GM foods part of the solution: Burke

Posted by Isobel Drake on 20th November 2008

Federal Agriculture Minister Tony Burke told the UN Food and Agriculture Organization overnight that he believes GM crops could play a vital role in coping with a global food shortage and climate change.

The GM debate continues to be fuelled, with some arguing they are a solution to a potential crisis, while others fear they will merely create more problems. Studies suggest, however, that the majority of consumers are still to make up their mind.

Canola

Greenpeace last month released a report, ‘Eating in the Dark’, which called for an urgent independent review of the safety assessment regime for GE food, and for all foods derived from GE crops to be labelled. The report also called into question the current approval process of the Australia’s food safety regulator, FSANZ.

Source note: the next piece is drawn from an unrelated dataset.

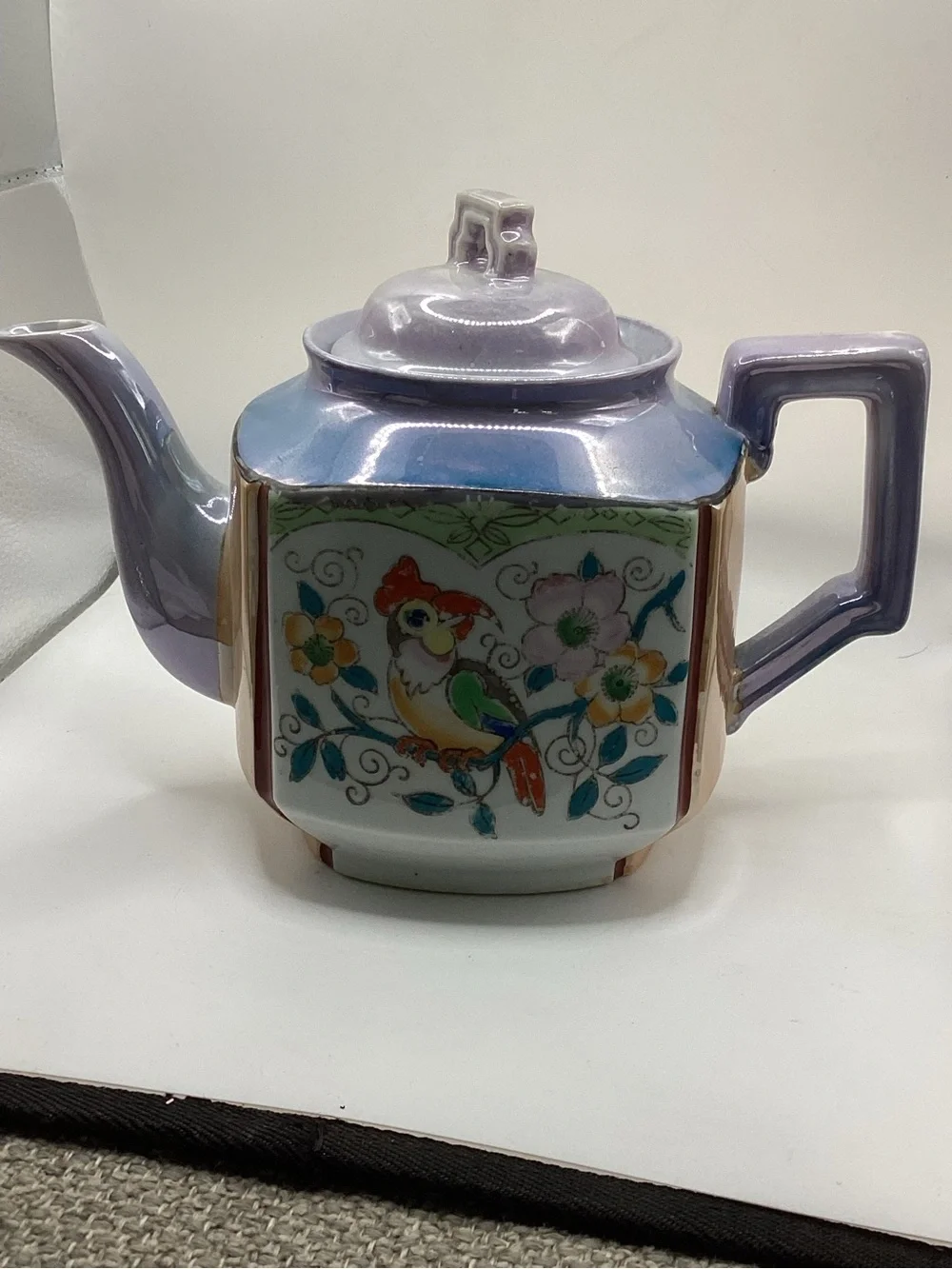 Unk porcelain teapot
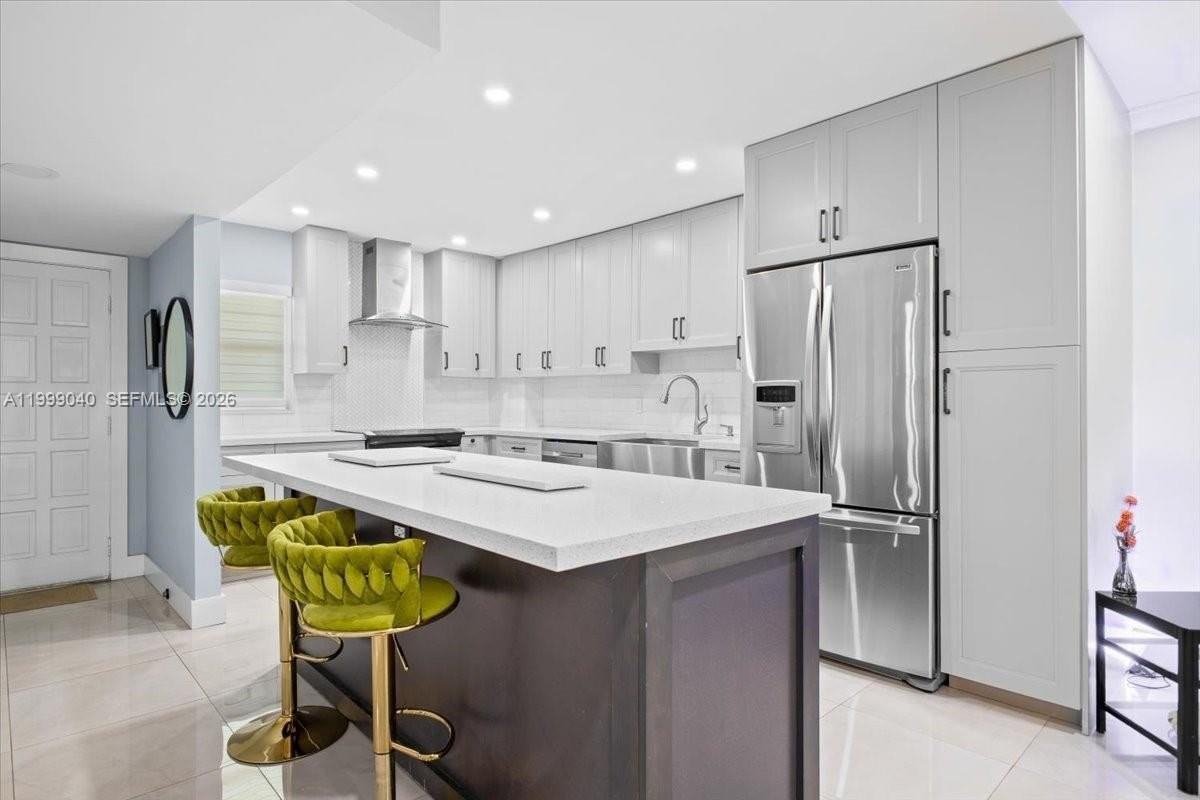 6001 N Falls Circle Dr #310 - Photo 6 of 32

Mr Burke argues that arguments against GM foods are often based on rumour rather than fact. “The key principle needs to be one of food safety and food safety decisions need to be based on science, not superstition,” he told ABC radio this morning. “That is why my view is and the Government’s view is that it will be part of the jigsaw – part of the jigsaw in dealing with climate change, part of the jigsaw in dealing with the global food crisis.”

“We can’t pretend that there is some magic solution with genetically modified food that will solve every problem but with the challenges that we face, we need to open our minds and hearts and see what it can deliver,” Mr Burke suggested. “Food safety issues are an issue no matter what sort of technology you are dealing with and GM is no different but the food safety question should be dealt with on a case by case example on their own merits.”

Mr Burke advised that rigorous safety checks would be carried out before GM crops were to be permitted, with anything that represented a threat to not be released. “There are safety concerns and environmental concerns that need to be sorted out in every level of food production,” he noted. “Those standards need to be applied to GM in the same way that they are applied to anything else and that gets us back to rigorous food safety standards that base health recommendations purely on the science.”

“And if we do that and a particular GM product doesn’t come up to scratch, then it shouldn’t be released,” Mr Burke concluded. “At a time of world food shortage, it is very difficult to argue that we should turn our backs on answers that science can give us.”

Earlier this year the Victorian and New South Wales Governments became the first to lift a moratorium on GM canola.